Auch inhaltlich verstanden sich die knapp 20 angreisten Gäste aus Frankreich, Großbritannien, Österreich, Belgien, Spanien, Portugal, Ungarn und Rumänien prächtig mit ihren Gastgebern der japanischen Rechtsradikalenorganisation Issuikai. Gemeinsam polterten sie in gewohnter Polemik gegen die voranschreitende Globalisierung und die daraus folgende Zerstörung jedweder Kultur und Tradition. Gleich mehrere Mitglieder des Europaparlaments wetterten gegen die »Islamisierung Europas« und fast jeder Redner klagte über die vielen Einwanderer, die die nationale Identität zerstörten. Doch allem gegenseitigen Applaus und Schulterklopfen zum Trotz reichten die Gemeinsamkeiten offenbar nicht für mehr als ein schwammiges Abschluss-Statement, in dem sie zu der Erkenntnis kamen, dass alle Patrioten letztlich ihre eigene Kultur und Tradition schützen wollten und jeder dies auch den Patrioten anderer Länder zugestehen sollte. Ein solches gegenseitiges Verständnis könne zu einer friedlicheren Koexistenz führen, heißt es in dem Text.

Am Yasukuni-Schrein

Höhepunkt des Treffens war ein Besuch beim Yasukuni-Schrein, in dem die Kriegstoten des Landes verehrt werden - darunter auch 14 Kriegsverbrecher der Klasse A. Auch japanische Spitzenpolitiker pilgern regelmäßig zu dem umstrittenen Schrein, meist um dort an die japanische Kapitulation im Zweiten Weltkrieg am 15. August zu erinnern. Eine Geste, die stets eine Welle der Empörung in den asiatischen Ländern auslöst, die unter der brutalen japanischen Kolonialherrschaft gelitten haben.

Am gestrigen Jahrestag (15. Aug.) der japanischen Kapitulation besuchte erstmals kein Minister den Yasukuni-Schrein in Tokio. Stattdessen entschuldigte sich Ministerpräsident Naoto Kan bei einer Gedenkveranstaltung für die Rolle Japans während des Weltkriegs.

Doch Frankreichs oberster Rechtspopulist Le Pen hat kein Problem mit dem Schreinbesuch. »Sind nicht auch diejenigen, die Hiroshima und Nagasaki bombardiert haben, Kriegsverbrecher?« Mit dieser Anspielung verwies er auf die US-amerikanischen Atombombenabwürfe, bereits bevor er die Gedenkstätte gesehen hatte.
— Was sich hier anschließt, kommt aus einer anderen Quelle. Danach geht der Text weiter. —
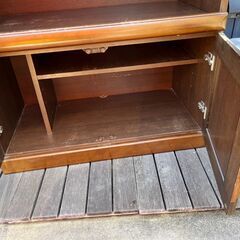 古い食器棚----10ｋｍ以内運びます---の画像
Gastgeber Mitsuhiro Kimura und seine Issuikai-Bewegung bezweifeln öffentlich das Ausmaß von Japans Gräueltaten in seinen Kolonien. Sein eigenwilliges Geschichtsbild stellte Kimura denn auch gleich zu Konferenzbeginn den applaudierende Delegierten vor. Japan sei noch immer von der US-Armee besetzt, so Kimuras Auslegung des japanisch-amerikanischen Sicherheitsabkommens. Erst wenn die USA ihre Truppen vollständig abzögen und die japanischen Selbstverteidigungskräfte die Landesverteidigung wieder allein übernähmen, sei die Nachkriegszeit vorbei und Japan ein unabhängiges Land, erklärte Kimura. Seine Organisation wurde in den 70er Jahren von Anhängern des Poeten Yukio Mishima gegründet, dem es nicht gelungen war, die Selbstverteidigungskräfte zu einem Staatsstreich zu animieren.

Deutsche Rechtsaußen-Vertreter waren bei der Konferenz nicht zugegen. Doch beim nächsten Mal will Issuikai-Chef Kimura auf jeden Fall auch deutsche Rechtsparteien dabei haben. »Irgendwann wollen wir eine Allianz aller patriotischen Vereinigungen der Welt schaffen«, philosophierte er beim Mittagessen. Dazu müsste er sich allerdings auch mit den Nationalisten seiner koreanischen und chinesischen Nachbarn verbrüdern. Demnächst in Budapest

Das sei nicht einfach, gibt Kimura zu. Schließlich liefern sich japanische Nationalisten regelmäßig heftigste Propagandagefechte mit ihren asiatischen »Brüdern«, so, wenn ein neues Geschichtsbuch auf den Markt kommt, das Japans Kriegsverbrechen an Koreanern und Chinesen verharmlost. Kimuras Nahziel ist deshalb die Institutionalisierung der europäisch-japanischen Nationalistentreffs. Alle zwei Jahre wünscht sich Kimura ein solches Treffen. So lange wird er gar nicht warten müssen: Bela Kovacz von der ungarischen Jobbik lud alle Teilnehmer für Ende Oktober nach Budapest ein, um gemeinsam das 25-jährige Bestehen seiner Partei zu feiern.